A first principles argument using metaphors, toy problems and moral arguments may be a useful starting point for fresh ideas but fall short of the standard of evidence for policy change. There is sufficient complexity of the interactions of different mechanisms of collective, cooperative behaviors of individuals and the dynamics of the institutional environments they operate in that a separate case must be made to predict the emergent responses to policy on the national scale. Research by the Center for Economic Policy reveals that short term macroeconomic conditions - unemployment, inflation and changes in real income have a direct consequence for political legitimacy (Ward, 2015).

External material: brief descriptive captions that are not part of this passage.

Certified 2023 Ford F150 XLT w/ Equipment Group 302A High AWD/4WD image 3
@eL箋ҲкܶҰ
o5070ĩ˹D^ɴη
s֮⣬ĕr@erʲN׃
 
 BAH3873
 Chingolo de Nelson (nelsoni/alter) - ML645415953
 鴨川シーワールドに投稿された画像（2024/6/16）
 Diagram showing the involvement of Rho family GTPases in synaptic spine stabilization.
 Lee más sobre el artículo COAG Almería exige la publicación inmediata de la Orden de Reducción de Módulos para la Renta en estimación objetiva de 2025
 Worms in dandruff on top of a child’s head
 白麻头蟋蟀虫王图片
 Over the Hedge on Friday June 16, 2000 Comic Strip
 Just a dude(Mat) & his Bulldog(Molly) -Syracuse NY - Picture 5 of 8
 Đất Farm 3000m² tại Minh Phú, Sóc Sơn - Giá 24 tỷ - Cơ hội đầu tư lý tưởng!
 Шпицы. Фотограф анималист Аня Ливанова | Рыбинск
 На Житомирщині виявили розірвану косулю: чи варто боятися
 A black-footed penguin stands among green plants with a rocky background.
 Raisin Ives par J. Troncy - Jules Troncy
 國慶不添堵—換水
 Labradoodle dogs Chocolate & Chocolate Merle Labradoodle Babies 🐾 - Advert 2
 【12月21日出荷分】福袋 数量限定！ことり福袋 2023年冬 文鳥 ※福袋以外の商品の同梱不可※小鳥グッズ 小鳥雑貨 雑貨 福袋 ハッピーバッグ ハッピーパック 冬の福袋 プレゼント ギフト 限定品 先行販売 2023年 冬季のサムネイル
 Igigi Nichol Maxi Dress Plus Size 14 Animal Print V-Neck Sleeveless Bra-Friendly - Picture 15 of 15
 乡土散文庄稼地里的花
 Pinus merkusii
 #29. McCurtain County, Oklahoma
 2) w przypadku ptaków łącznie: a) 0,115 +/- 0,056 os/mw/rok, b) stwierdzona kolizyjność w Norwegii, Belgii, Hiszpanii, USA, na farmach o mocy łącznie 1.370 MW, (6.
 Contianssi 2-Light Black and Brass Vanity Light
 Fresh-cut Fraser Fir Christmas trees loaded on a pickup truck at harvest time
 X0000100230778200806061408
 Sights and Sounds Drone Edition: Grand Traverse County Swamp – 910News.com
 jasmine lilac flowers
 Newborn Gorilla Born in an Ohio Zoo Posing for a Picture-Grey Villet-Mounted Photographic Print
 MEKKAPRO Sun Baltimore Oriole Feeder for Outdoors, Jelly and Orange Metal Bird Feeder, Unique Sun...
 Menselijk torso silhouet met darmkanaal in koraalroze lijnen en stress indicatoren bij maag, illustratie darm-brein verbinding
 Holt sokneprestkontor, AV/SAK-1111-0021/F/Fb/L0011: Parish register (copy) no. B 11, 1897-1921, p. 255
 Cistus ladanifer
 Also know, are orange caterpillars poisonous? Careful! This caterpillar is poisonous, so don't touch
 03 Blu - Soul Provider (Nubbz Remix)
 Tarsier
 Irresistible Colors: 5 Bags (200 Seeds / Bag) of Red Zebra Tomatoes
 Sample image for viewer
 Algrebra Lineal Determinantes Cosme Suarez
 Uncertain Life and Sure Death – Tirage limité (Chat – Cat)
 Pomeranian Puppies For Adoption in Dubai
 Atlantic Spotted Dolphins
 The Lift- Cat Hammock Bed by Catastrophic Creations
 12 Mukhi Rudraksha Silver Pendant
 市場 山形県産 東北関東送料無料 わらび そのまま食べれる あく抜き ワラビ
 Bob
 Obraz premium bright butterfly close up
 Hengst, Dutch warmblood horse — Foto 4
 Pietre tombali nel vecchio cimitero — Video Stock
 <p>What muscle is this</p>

The study performed an original multi-country analysis as well as a review from other studies and determined that election outcomes appear as though voters use their assessment of how things are in their personal life as a proxy for support or disapproval of the incumbent (Ward, 2015). While sense of autonomy and freedom are a factor in satisfaction, they are not sufficient. Macroeconomic variables identified as significant in the models were first income (GDP) growth, followed by inflation and employment. Subjective Well Being was identified as the strongest predictor and suspected to have a role as an intermediate measure in translating the macro-economic outcomes into voters' local assessment of how things are going. So the importance of these macroeconomic measures on political support may be conditional on their relationship to voter’s well-being assessment (Ward, 2015). In order for liberalization advocates to be able to assure policy makers of political support, they may need to be able to explain and predict macroeconomic phenomena.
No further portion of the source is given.